Several conflicts updates to share, starting with two recent decisions noted by Bill Freivogel.
- 473440 Alberta Ltd. v. Lenaco Homes Masterbuilder Inc., 2016 ABQB 435 (CanLII)(Ct. Q.B. Alberta Aug. 31, 2016).
- This is a food fight among companies and individuals in the building business. Lawyer represents Defendants. Lawyer had previously done work for Plaintiffs on two other matters. Plaintiffs moved to disqualify Lawyer in this case. In this opinion the court disqualified Lawyer.
- The evidence was conflicting, but, on balance, the court believed that Lawyer would have learned things about Plaintiffs in the earlier matter that would have been relevant to the tasks in this matter. In our view, this was essentially an application of the 'playbook' rule, as it is known in the U.S.

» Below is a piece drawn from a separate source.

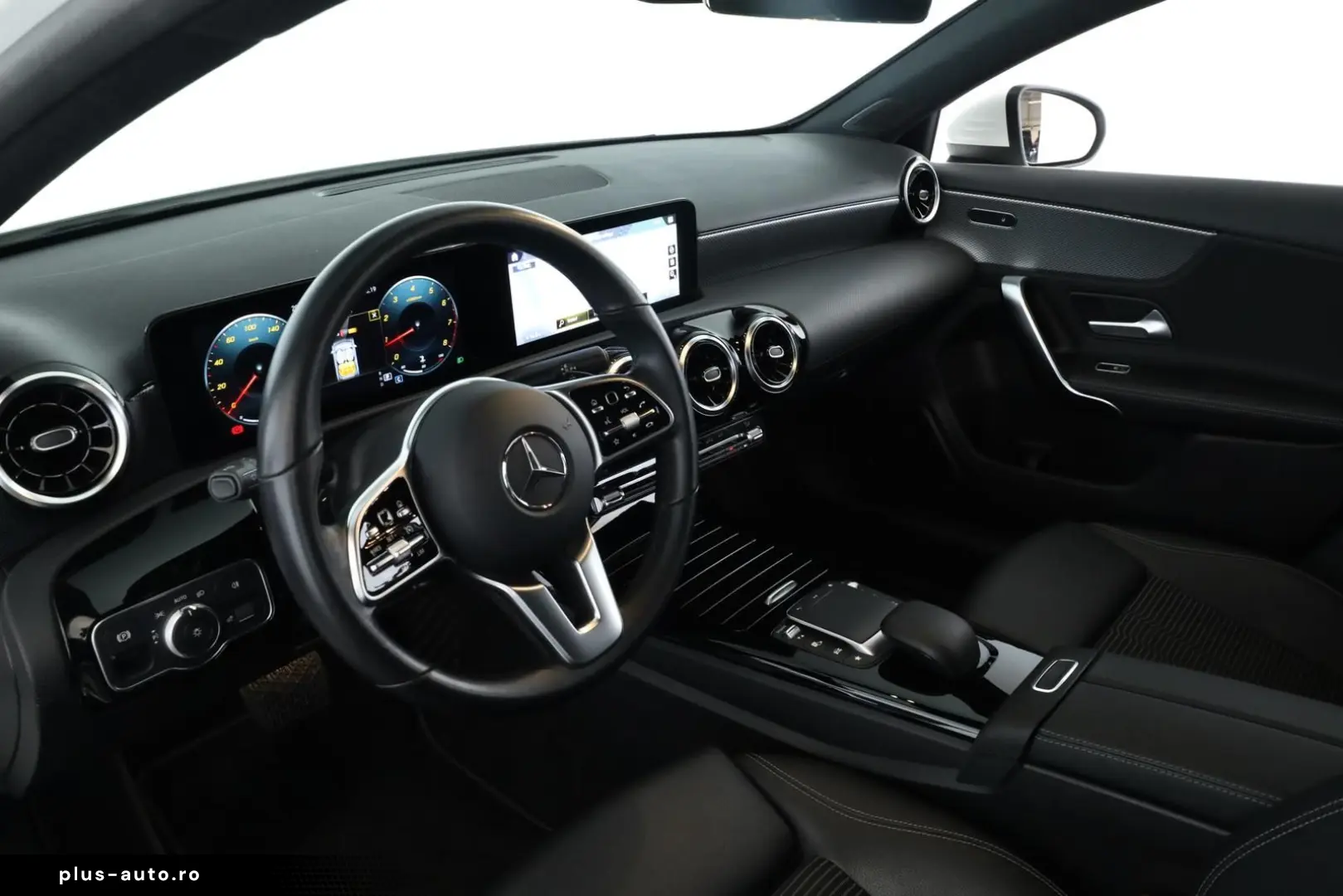 MERCEDES-BENZ A 180 7G Progressive LED Digi Navi App SHZ Kam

- Fabick, Inc. v. FABCO Equip., Inc., 2016 WL 5718252 (W.D. Wis. Sept. 30, 2016).
- Lawyer at Law Firm had done some trademark work for Plaintiff. Lawyer remains “attorney of record” for the trademarks he had obtained. Lawyer also retained responsibility for maintaining the trademarks. In this trademark infringement case, Law Firm appeared for Defendant. Plaintiff moved to disqualify Law Firm.

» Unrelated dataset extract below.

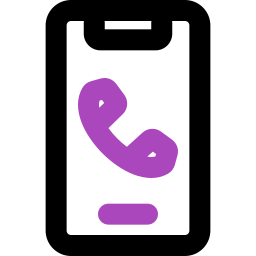 Phone call icon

- Among other things, the court found that Lawyer’s continuing duty to maintain the trademarks makes Plaintiff a current client subject to Rule 1.7. Although screens are specifically provided for in former client situations only, the court allowed Law Firm to continue in this case provided it erect a screen between Lawyer and the lawyers working on this case.
- "When a law clerk or a law school graduate you hire has clerked for a firm representing a party adverse to your client, what happens? Is the student or newly-minted lawyer disqualified from working on your matter? Is your whole firm disqualified? Can you screen the clerk/former clerk and solve the problem? Two recent ethics opinions out of Texas and Ohio clarify the rules."

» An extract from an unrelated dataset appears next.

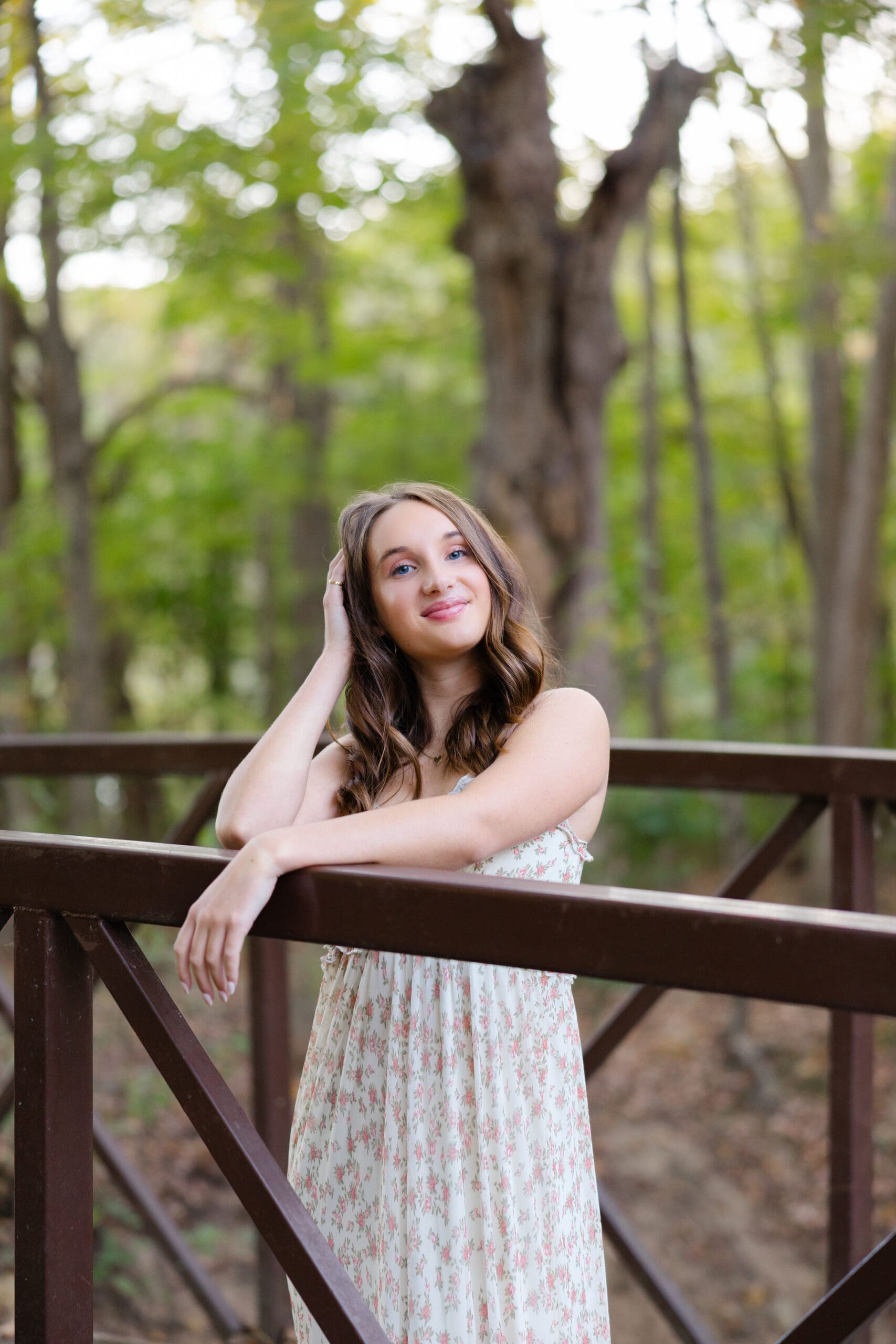 senior photo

- "The new Texas ethics opinion applied the new comment and ruled that when a firm hires a new associate who worked as a clerk for the firm representing the opposing party, the former clerk is disqualified from working on the case at the new firm, but that the new firm can screen the clerk and avoid imputation of the clerk’s conflict. That sensible approach is good news for Texas firms and law clerks, and the comment is broadly aimed at other incoming non-lawyer employees, such as secretaries, too...Ohio’s Board of Professional Conduct issued similar advice earlier this summer."